■ Provided records

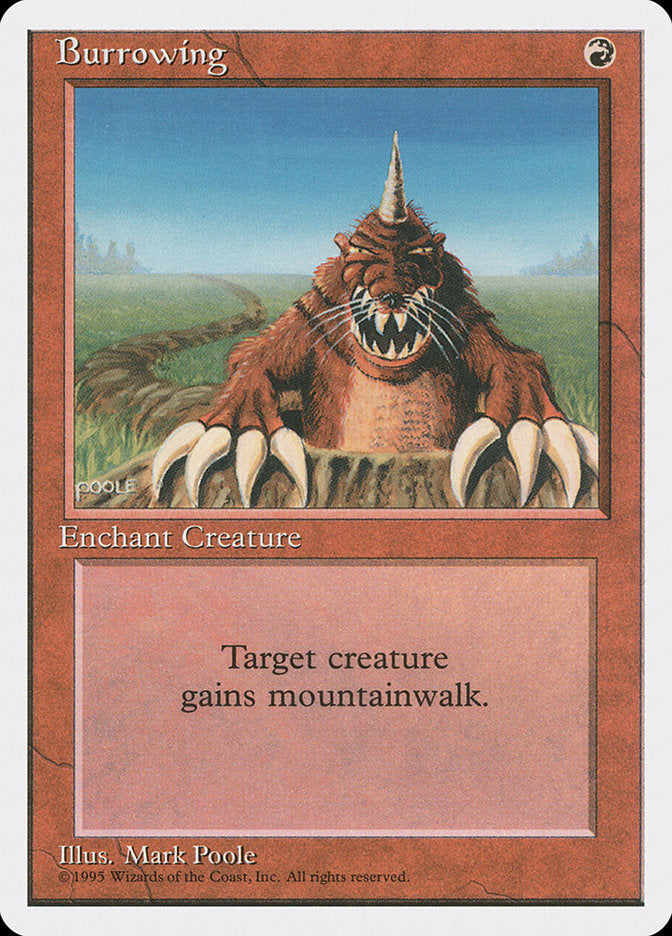 Burrowing - Fourth Edition (4ED)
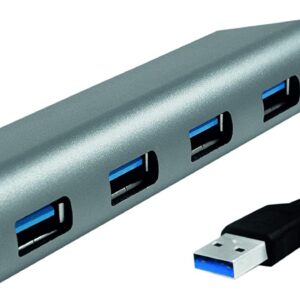 Hub USB 3.0 SuperSpeed 4 porte Alluminio Silver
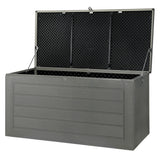 Gardeon 680L Weather-Resistant Lockable Outdoor Storage Box — Black — Allure Home Collections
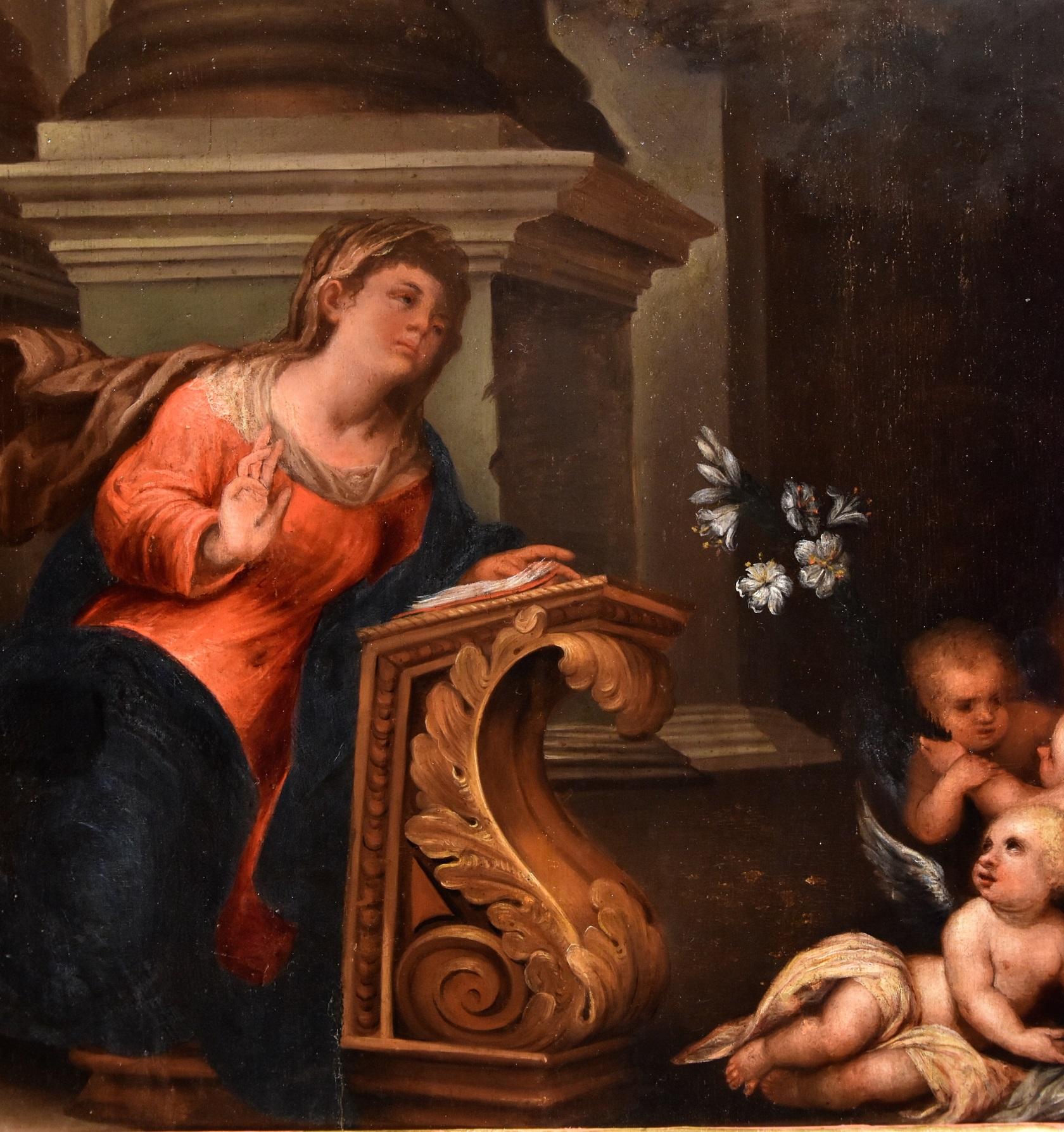 Ansaldo Annunciation Paint Oil on canvas Old master 17th Century Italian Art 1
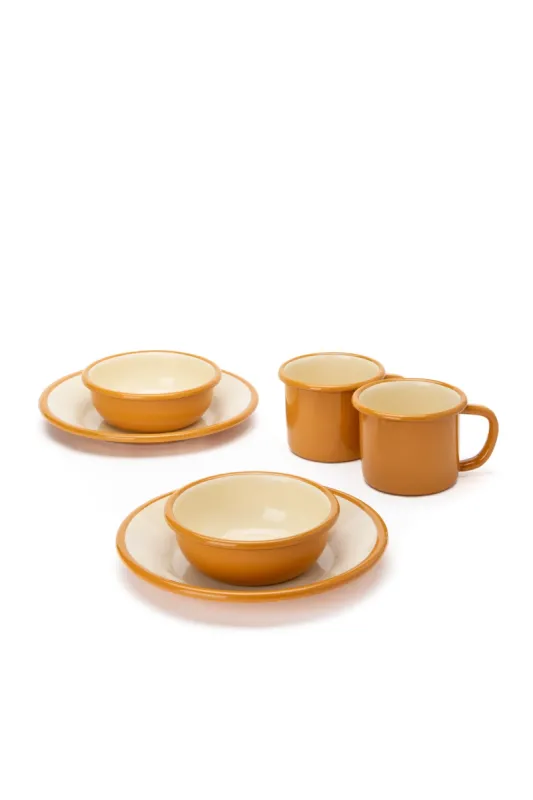 Emaye Kamp Seti - Hardal Kordonlu - 2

■ Assignment
Each line from the one containing "Gardeon 680L Weather-Resistant" through the last line of the listing must be copied exactly, and the pictures must not be.

■ Solution to this task
 Gardeon 680L Weather-Resistant Lockable Outdoor Storage Box — Black — Allure Home Collections
 Ansaldo Annunciation Paint Oil on canvas Old master 17th Century Italian Art 1
 Emaye Kamp Seti - Hardal Kordonlu - 2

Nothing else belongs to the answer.